Hurricane Ian will be a catastrophic event for portions of Florida’s Gulf coast. This is a category 4 hurricane with an eyewall diameter of about 30 miles. The Gulf coast from Sarasota to Naples is at greatest risk as Ian makes landfall on Wednesday. Everyone, there should be sheltering in a safe place and should stay there until local authorities say it’s safe to venture out.
There’s a hurricane warning and a storm surge warning for much of the Gulf coast, including southwest Florida. There’s a tropical storm warning for all of Florida’s Atlantic coast — including Miami-Dade, Broward, and Palm Beach — and the Florida Keys.
Wednesday will see the worst weather from Ian here in South Florida. The Naples area can expect hurricane conditions, including damaging winds, flooding rain, and life-threatening storm surge. The east coast metro area can expect periods of tropical storm force winds, especially as Ian’s rainbands move through. Flooding rain is expected in the east coast metro area. Isolated tornadoes are possible around South Florida. Needless to say, there’s a high risk of dangerous rip currents at all South Florida beaches. Highs on Wednesday will be in the mid-80s.
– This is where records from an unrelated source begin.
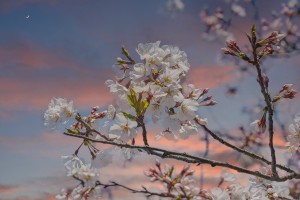Cherry Tree at Dusk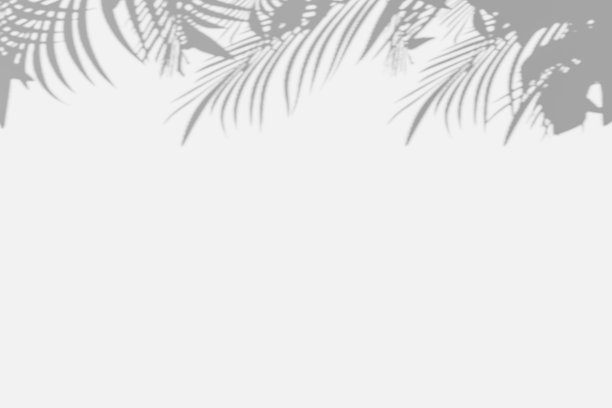 抽象模糊软光影棕榈叶反射在白色墙壁工作室背景。热带夏季黑白概念产品介绍。带有横幅3d渲染插图的复制空间。图片下载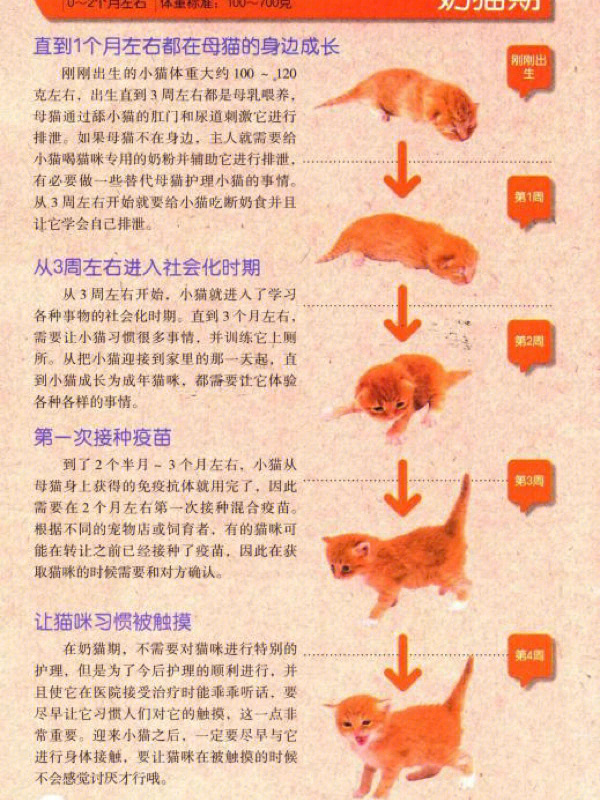 猫胎儿发育过程图片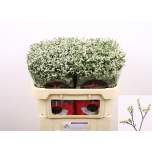 Limonium Parkjuur China White 70cm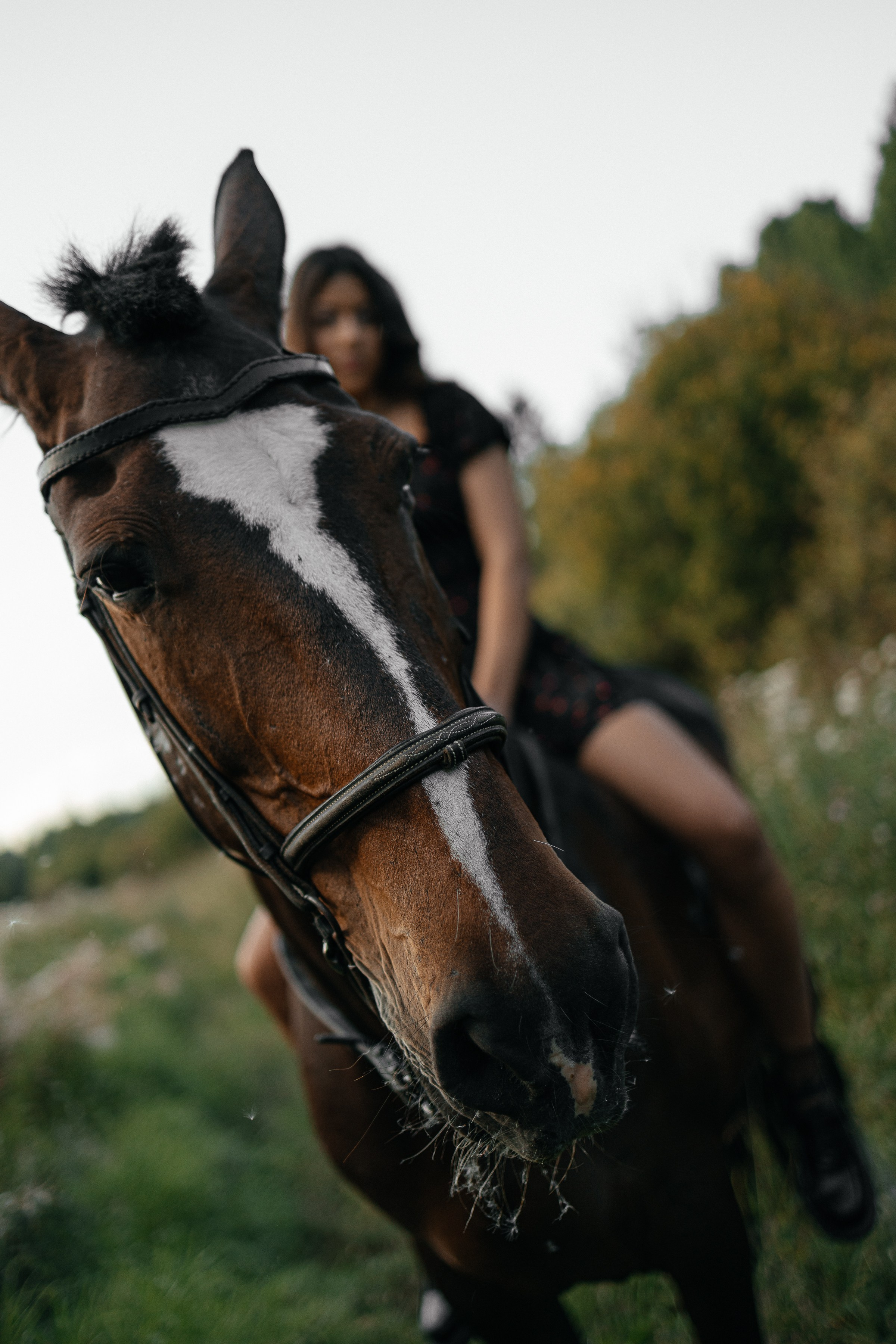 Даша/конюшня. Фотограф в Выборге и Санкт-Петербурге Маша Гуляева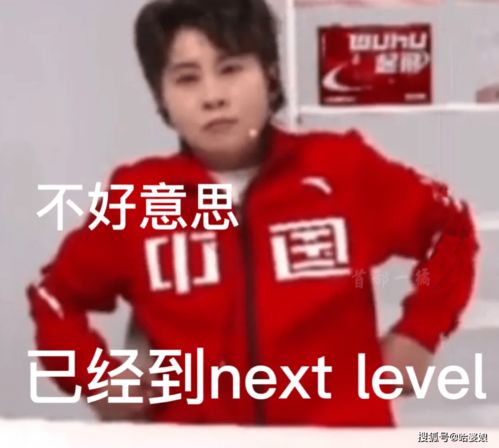  让吴京老师歇一歇王濛表情包来啦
Thursday will be windy and stormy along the Gulf coast, while the east coast metro area will be windy with a mix of sun, clouds, and showers. Expect flood conditions to linger through Thursday. Thursday’s highs will be in the mid-80s.
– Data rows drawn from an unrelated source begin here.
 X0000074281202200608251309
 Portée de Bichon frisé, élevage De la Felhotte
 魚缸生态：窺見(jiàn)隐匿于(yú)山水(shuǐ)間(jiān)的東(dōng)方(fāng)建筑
Friday will be breezy with sun, clouds, and periods of storms. Friday’s highs will be in the upper 80s in the east coast metro area and the mid-80s along the Gulf coast.
Saturday will feature a return to more typical weather: a mix of sun, showers, and storms. Saturday’s highs will be in the upper 80s.
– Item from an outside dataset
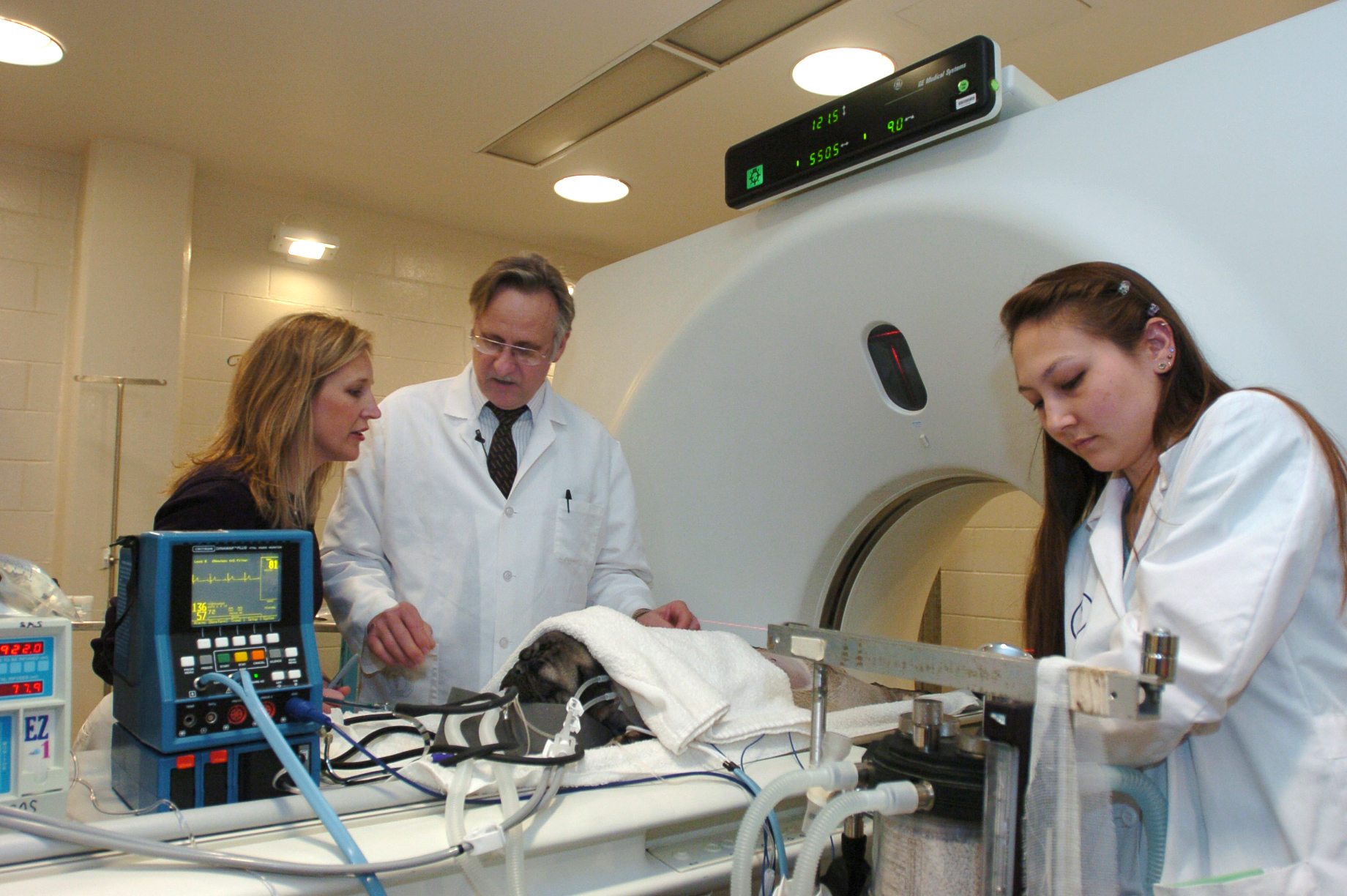 Image of researchers performing a cat scan at vet clinic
Sunday’s forecast calls for good sun with some passing showers and storms in spots. Highs on Sunday will be near 90 degrees in the east coast metro area and in the upper 80s along the Gulf coast.
Hurricane Ian was about 105 miles south-southwest of Punta Gorda at 5 am. Ian’s position at 5 am was near 25.6 North, 82.9 West. Maximum sustained winds were 140 miles per hour, making this a category 4 hurricane. Ian was moving north-northeast at 10 miles per hour. Bottom line: Ian is as strong a hurricane as 2004’s Hurricane Charley when it hit the same portion of the coast. But Ian is a much wider hurricane with a larger eyewall, so more of the area will see devastating damage from Ian than was the case with Charley.
Elsewhere, the low in the central Atlantic has a high chance of developing into a depression today, but it won’t last long — and it does not pose a threat to land.